§ Task statement: After locating the line that holds "SENSOR DE PROXIMIDAD", repeat it and each following line exactly until the material ends, skipping pictures.

§ Collected material:

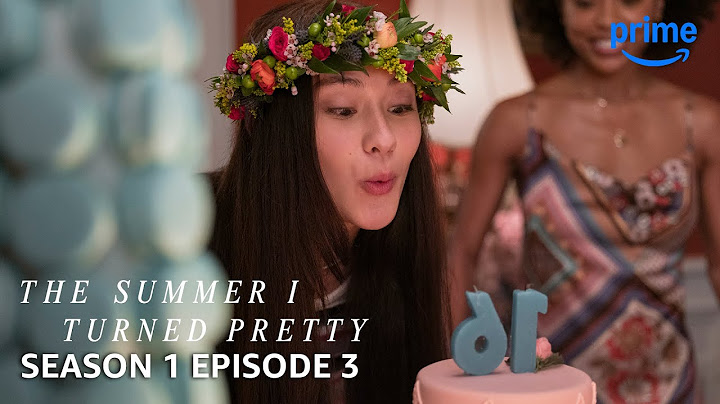 The Summer I Turned Pretty S1E3 Full Episode | Prime Video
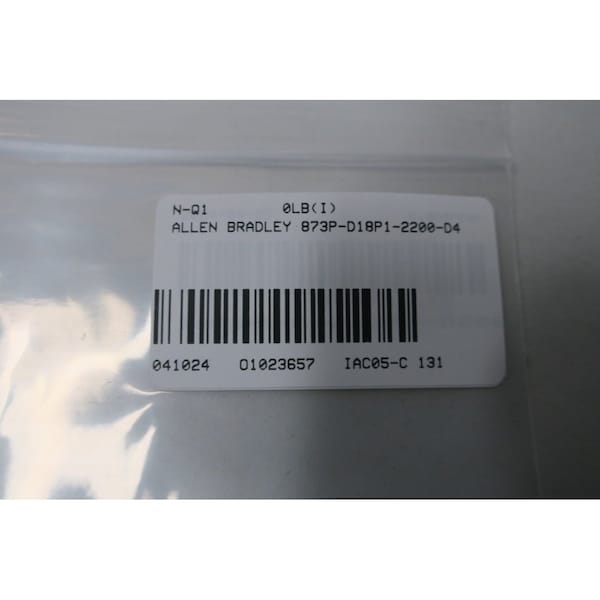 SENSOR DE PROXIMIDAD DE 15-30V-DC Allen Bradley - 873P-D18P1-2200-D4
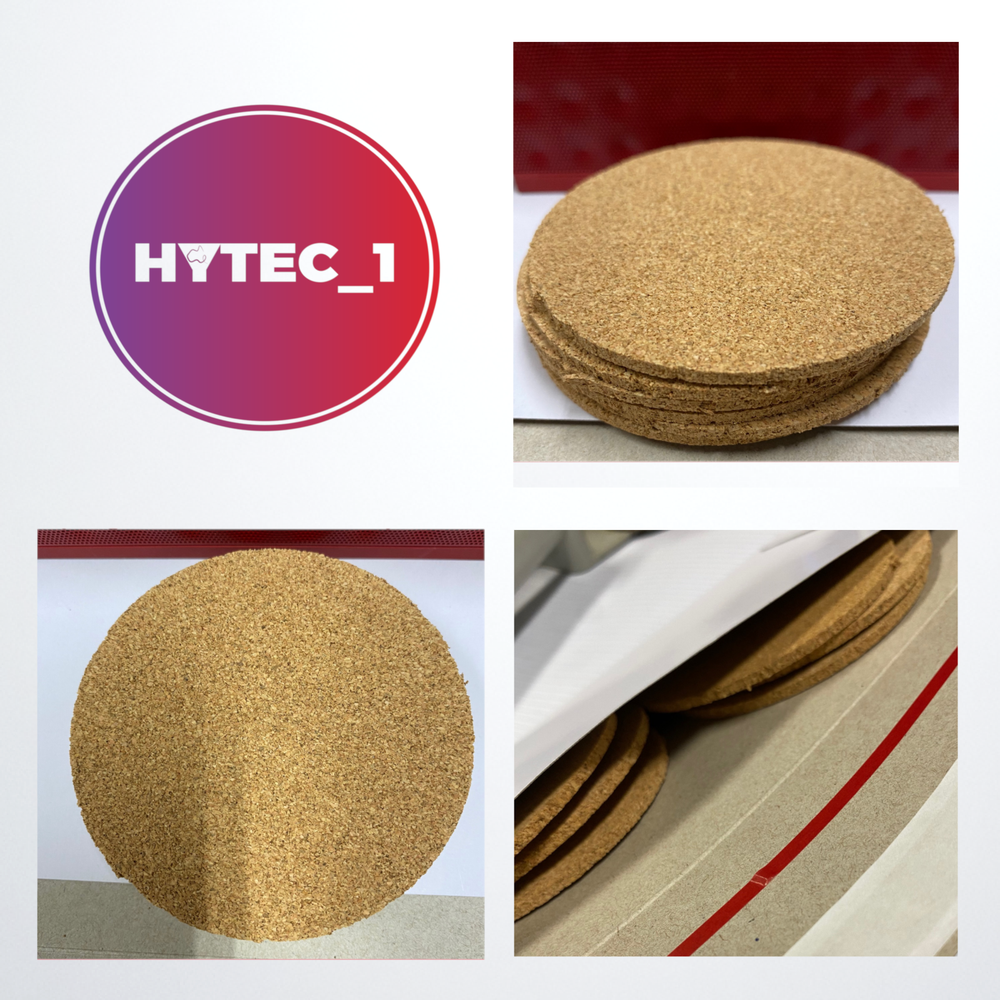 CORK COASTER 88MM DIAMETER CUP COASTERS CHOOSE QTY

§ Solution to this problem:
 SENSOR DE PROXIMIDAD DE 15-30V-DC Allen Bradley - 873P-D18P1-2200-D4
 CORK COASTER 88MM DIAMETER CUP COASTERS CHOOSE QTY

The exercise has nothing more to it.